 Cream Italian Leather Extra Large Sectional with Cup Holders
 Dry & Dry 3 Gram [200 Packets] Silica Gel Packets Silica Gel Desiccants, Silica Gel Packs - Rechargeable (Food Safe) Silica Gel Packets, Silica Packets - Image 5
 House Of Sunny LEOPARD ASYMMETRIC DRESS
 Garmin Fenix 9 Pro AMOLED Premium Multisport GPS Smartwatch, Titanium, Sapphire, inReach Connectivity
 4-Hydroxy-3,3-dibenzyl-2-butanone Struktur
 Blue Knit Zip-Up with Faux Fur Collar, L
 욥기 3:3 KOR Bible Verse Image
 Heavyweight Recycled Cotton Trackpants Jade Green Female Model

---

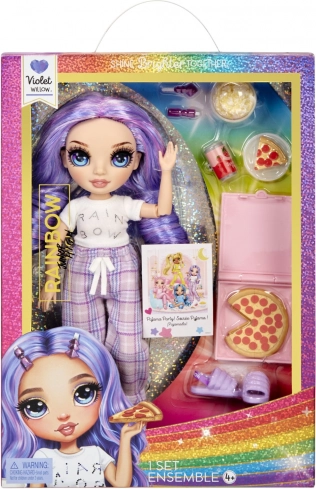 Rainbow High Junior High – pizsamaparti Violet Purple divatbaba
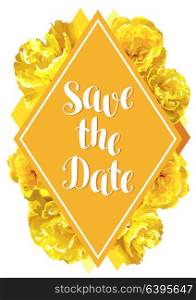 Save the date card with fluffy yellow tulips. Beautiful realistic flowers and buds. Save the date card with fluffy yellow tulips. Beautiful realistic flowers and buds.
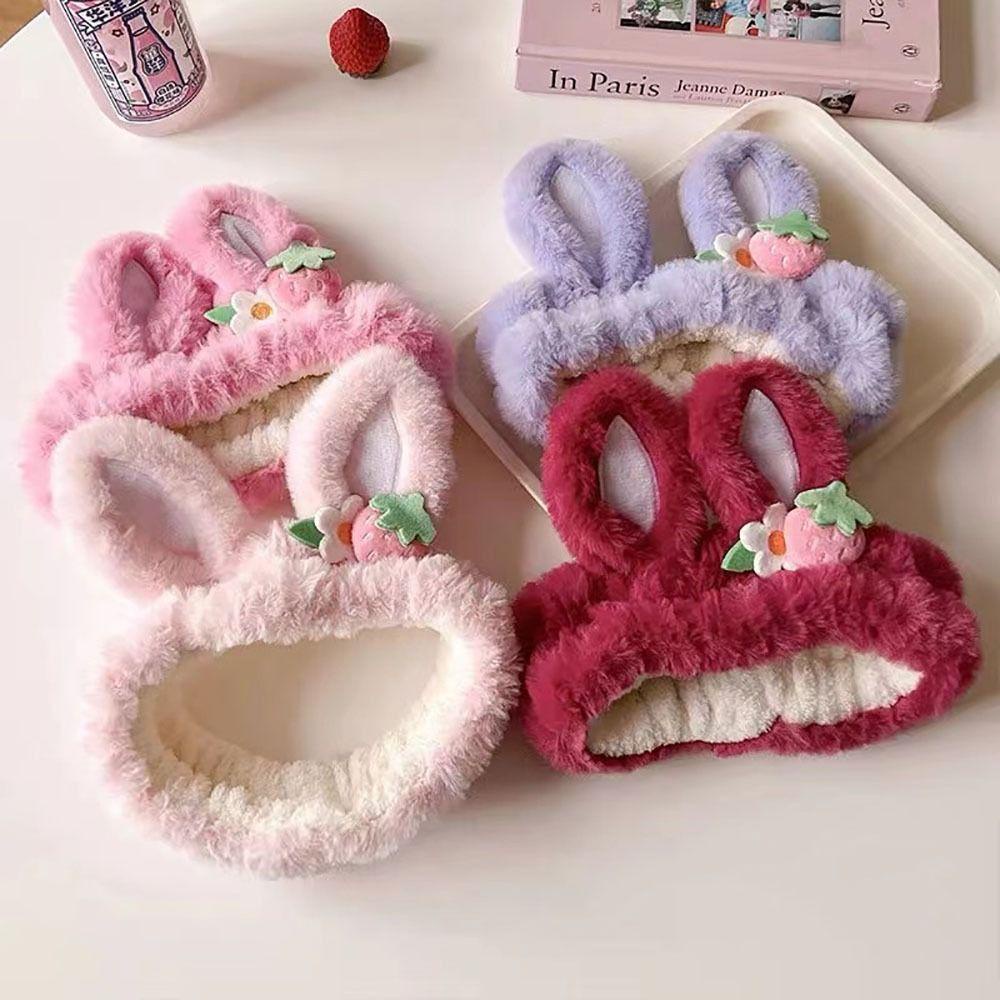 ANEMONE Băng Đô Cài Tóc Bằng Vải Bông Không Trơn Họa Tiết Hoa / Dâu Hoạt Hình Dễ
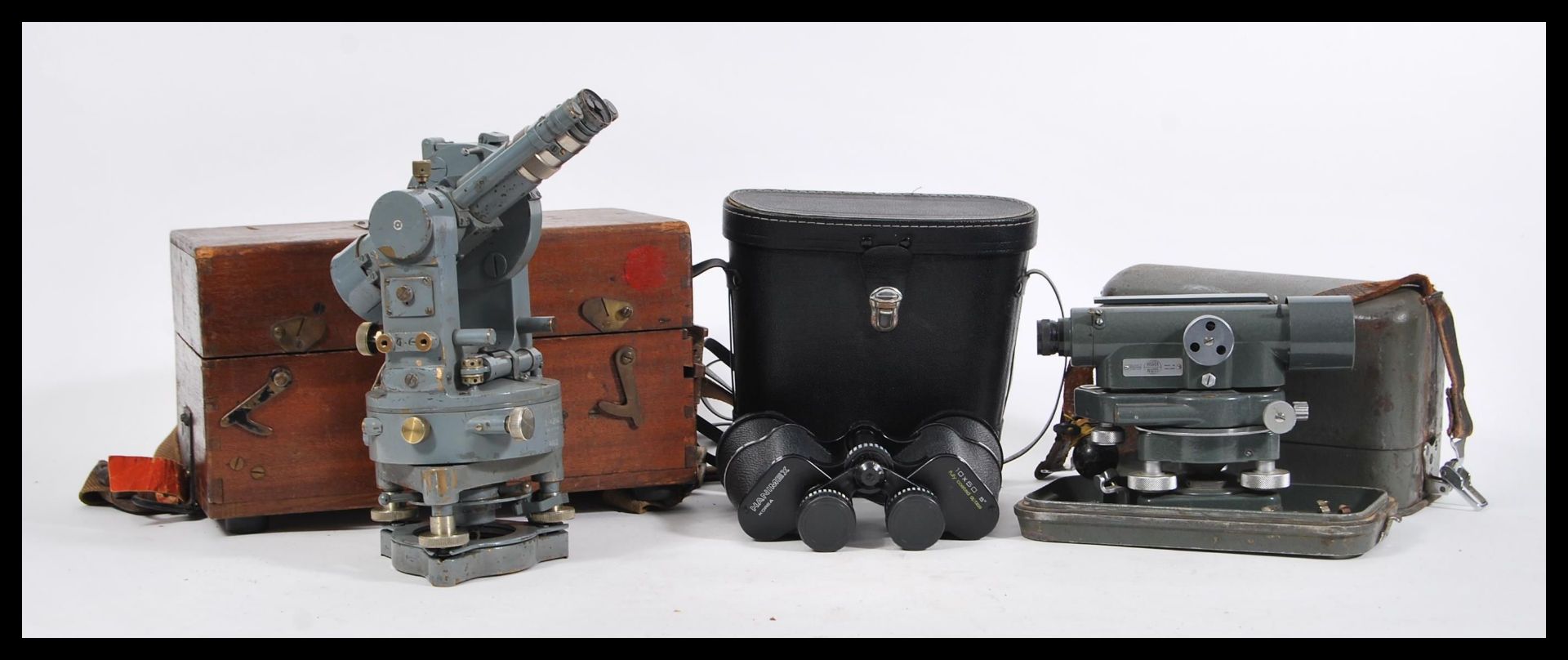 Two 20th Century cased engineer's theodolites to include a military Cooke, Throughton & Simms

**Activity**
Retype, exactly and in full, the lines above from the one containing "Dry & Dry 3" through the one containing "Heavyweight Recycled Cotton".

**Solution**
 Dry & Dry 3 Gram [200 Packets] Silica Gel Packets Silica Gel Desiccants, Silica Gel Packs - Rechargeable (Food Safe) Silica Gel Packets, Silica Packets - Image 5
 House Of Sunny LEOPARD ASYMMETRIC DRESS
 Garmin Fenix 9 Pro AMOLED Premium Multisport GPS Smartwatch, Titanium, Sapphire, inReach Connectivity
 4-Hydroxy-3,3-dibenzyl-2-butanone Struktur
 Blue Knit Zip-Up with Faux Fur Collar, L
 욥기 3:3 KOR Bible Verse Image
 Heavyweight Recycled Cotton Trackpants Jade Green Female Model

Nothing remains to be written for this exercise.